There are already several excellent libraries with a functional flavor. Typically, they are meant to be general-purpose toolkits, suitable for working in multiple paradigms. Ramda has a more focused goal. We wanted a library designed specifically for a functional programming style, one that makes it easy to create functional pipelines, one that never mutates user data.

What's Different?

The primary distinguishing features of Ramda are:

  • Ramda emphasizes a purer functional style. Immutability and side-effect free functions are at the heart of its design philosophy. This can help you get the job done with simple, elegant code.

  • Ramda functions are automatically curried. This allows you to easily build up new functions from old ones simply by not supplying the final parameters.

  • The parameters to Ramda functions are arranged to make it convenient for currying. The data to be operated on is generally supplied last.

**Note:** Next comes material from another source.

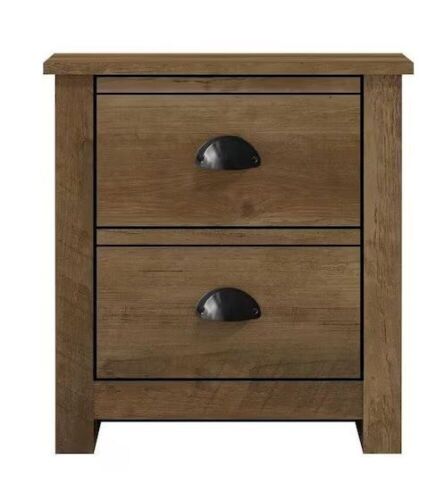 Geordano 2-Drawer Knotty Oak Nightstand Sidetable  - Lot 426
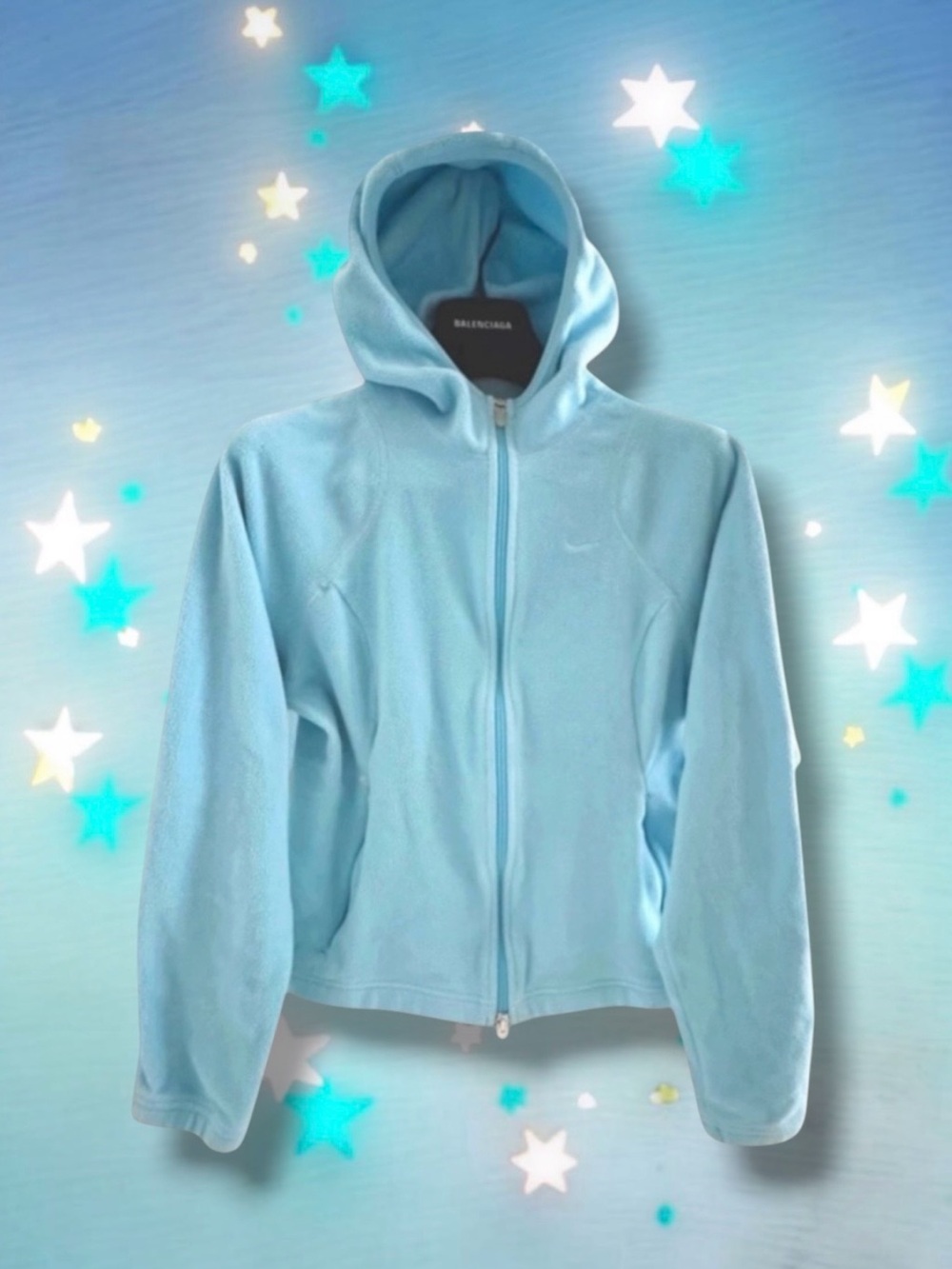 💕NIKE Double End Zipper Front Hooded Fleece Jacket • BABY BLUE • SMALL (2-4)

The last two points together make it very easy to build functions as sequences of simpler functions, each of which transforms the data and passes it along to the next. Ramda is designed to support this style of coding.

Introductions

Philosophy

Using Ramda should feel much like just using JavaScript. It is practical, functional JavaScript. We're not introducing lambda expressions in strings, we're not borrowing consed lists, we're not porting over all of the Clojure functions.

Our basic data structures are plain JavaScript objects, and our usual collections are JavaScript arrays. We also keep other native features of JavaScript, such as functions as objects with properties.

Functional programming is in good part about immutable objects and side-effect free functions. While Ramda does not enforce this, it enables such style to be as frictionless as possible.

We aim for an implementation both clean and elegant, but the API is king. We sacrifice a great deal of implementation elegance for even a slightly cleaner API.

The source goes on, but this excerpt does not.